同時に終末的出来事としての到来も語られているのです。
「わたしたちに必要な糧を毎日与えてください」とルカ11:3では記されていますが、
マタイ6・11では、「わたしたちに必要な糧を今日与えてください」と今日一度限り与えられるようにと記されております。
ルカ11・3節では、次の三つの願いはすべて《わたしたち》の事になるのです。それは、《必要な糧》の《必要な》は、生きるのに必要な、来る神の支配のため必要なことであるのです。与えられた食べ物は、イエスによって神の来たるべき支配のしるしであるのです。それは、ルカ9・12-17で、5千人の養いのお話しです。五つのパンと魚二匹しかないものを、「イエスは五つのパンと二匹の魚を取り、天を仰いで、それらのために讃美の祈りを唱え、裂いて弟子たちに配らせて、すべての人が食べて満腹した。そして残ったパンのくずを集めると、12籠もあった」のです。主イエスはこのように先取りされるのです。
神の支配は、イエスが罪人と共に食事をし、(ルカ5・27以下、15・1-2、19・1-10)、罪を赦すための具体化としての祈りであるのです。「わたしたちも自分に負い目のある人を皆赦しますから」は、それを条件として神も赦せ、と言うのではないのです。
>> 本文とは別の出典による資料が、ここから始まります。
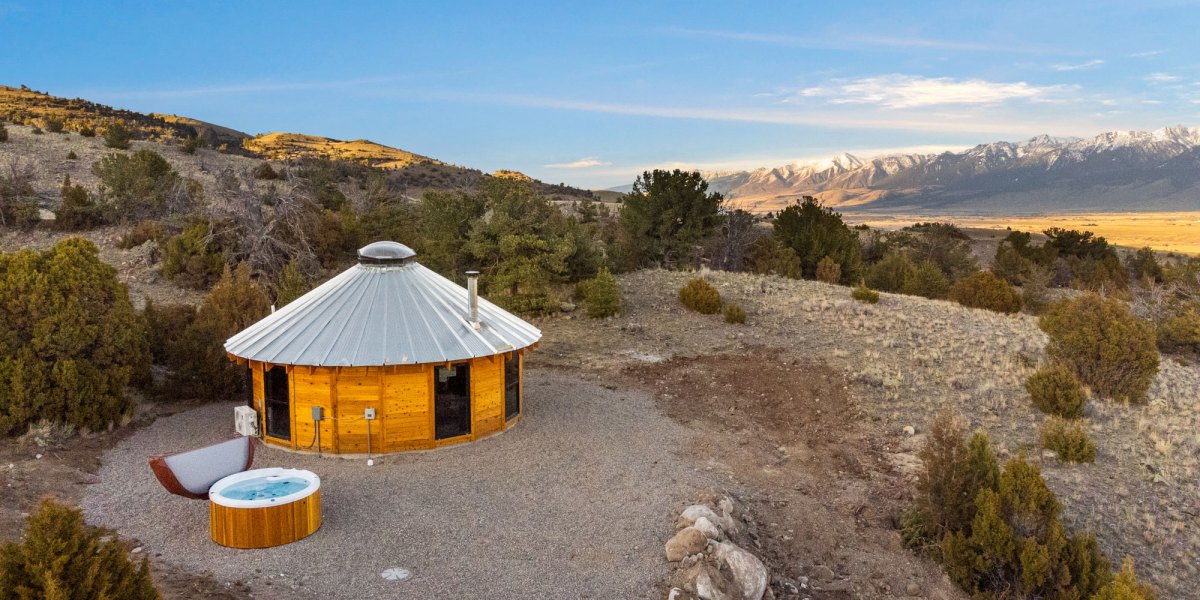 Montana The Mountain Yurt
赦しは神の絶対的自由の行為であるのです。「赦します」は神の赦しの結果なのです。神がわたしたちをすでに赦したしるしとして、わたしたちも自分に負い目のある人を皆赦しています。わたしたちは更にお赦しをお願いして、「わたしたちを誘惑に遭わせないでください」誘惑は、試練、終末の色々な苦難をも含むのです。誘惑が来ないようにと祈るのではなく、誘惑が来ても、それに陥って ―ギリシャ語ではエイスフェローと言います。それは、負けないようにと祈ることです。
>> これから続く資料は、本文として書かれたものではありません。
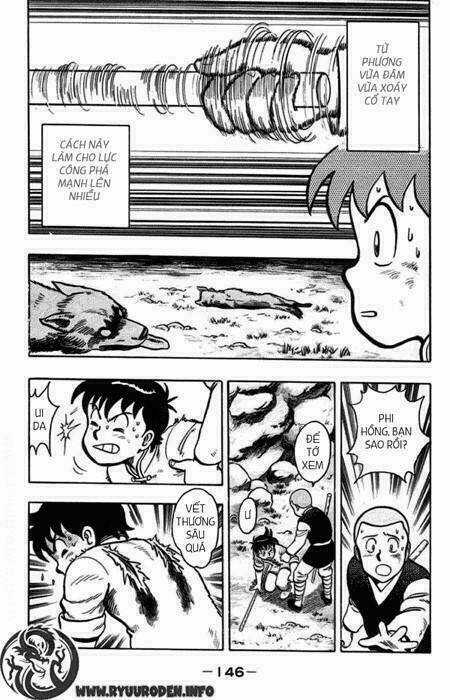 Hoàng Phi Hồng Phần 1 - Chapter 7 - Trang 146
「わたしたちも自分に負い目のある人を皆赦しますから」とは、神の前に立たされた自己の姿を知った者の祈りであるのです。「負い目」(オフェイレーマ)は、罪に対するユダヤ的表現で、義務を果たさないことであるのです。それは、神にまた人に果たすべきことを果たしていない罪が、ここで指摘されているのです。
「皆赦しますから」とは、負い目のある人をもはやそのように見なさないことです。この赦す心をなくしては、自分の罪の赦しを求めて神の前にだすことは出来ないのです。
「わたしたちを誘惑に遭わせないでください」とは、人生の中では、色々な誘惑があり、世の悪に囲まれて生きる者が心から祈らなければならない祈りなのです。
わたしたち人間は、誘惑に弱い者です。誘惑とは、悪すなわち悪い者、悪魔からくるものであり、誘惑はこの者の誘いによるのです。(マタイ4・1-11)この悪から、あるいは悪い者から解放されることは、来るべき「御国」の祝福に通じるのです。
人間だれでもこの世の中を生きていく時には、誘惑や試練はあるのです。そんな時に一人で悩まずに、主イエスが教えて下さった主の祈りを祈り、誘惑に負けないで、主イエスのように、心から祈れる祈りをいつでもどこでもできるように神を仰いで、日々の生活を、心がけていきたいものです。